[[ Data provided open ]]

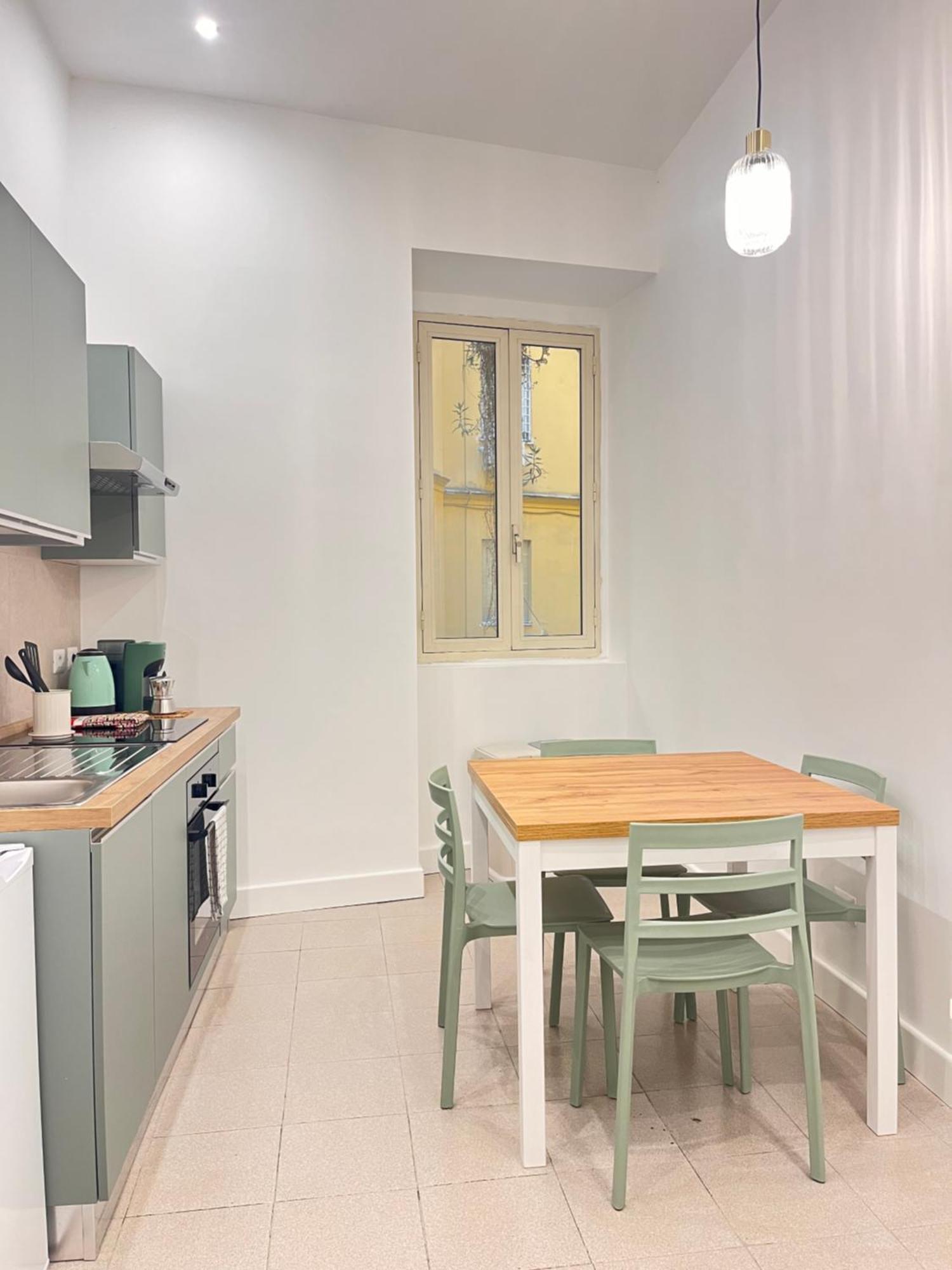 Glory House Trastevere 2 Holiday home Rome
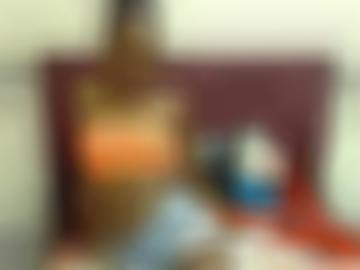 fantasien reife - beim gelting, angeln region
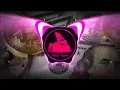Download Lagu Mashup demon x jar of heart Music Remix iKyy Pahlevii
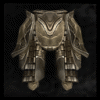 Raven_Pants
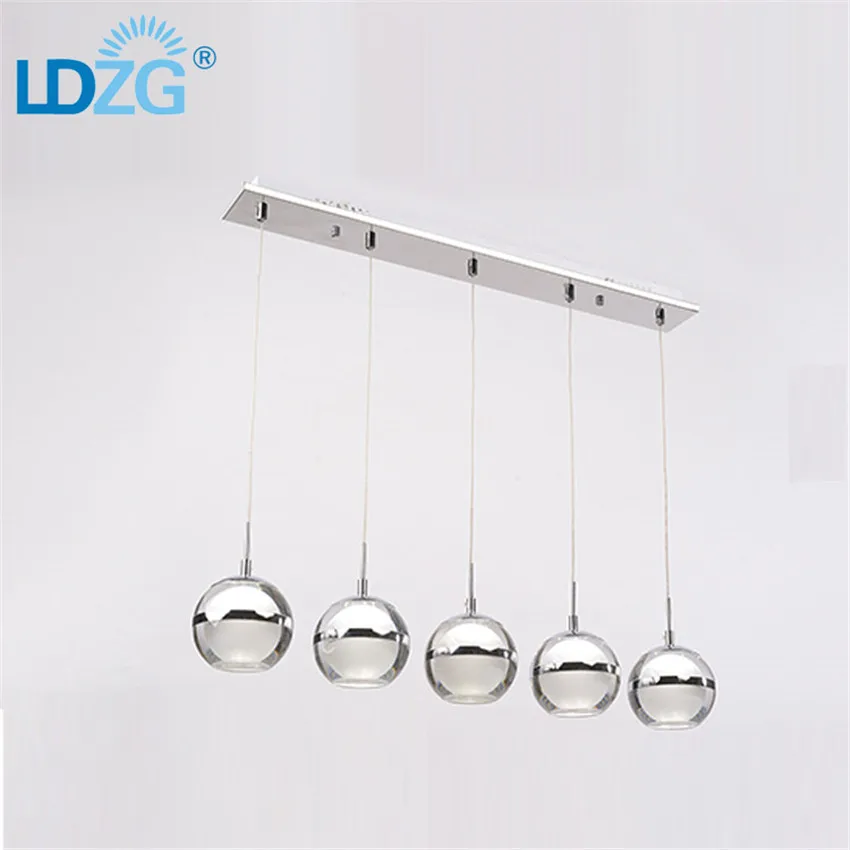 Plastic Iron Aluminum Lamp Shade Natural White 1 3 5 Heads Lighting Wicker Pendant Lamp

[[ Data provided closed ]]

→ Task directions
The result should be every line of the data, reproduced exactly, with the images removed.

→ Your response
 Glory House Trastevere 2 Holiday home Rome
 fantasien reife - beim gelting, angeln region
Download Lagu Mashup demon x jar of heart Music Remix iKyy Pahlevii
 Raven_Pants
 Plastic Iron Aluminum Lamp Shade Natural White 1 3 5 Heads Lighting Wicker Pendant Lamp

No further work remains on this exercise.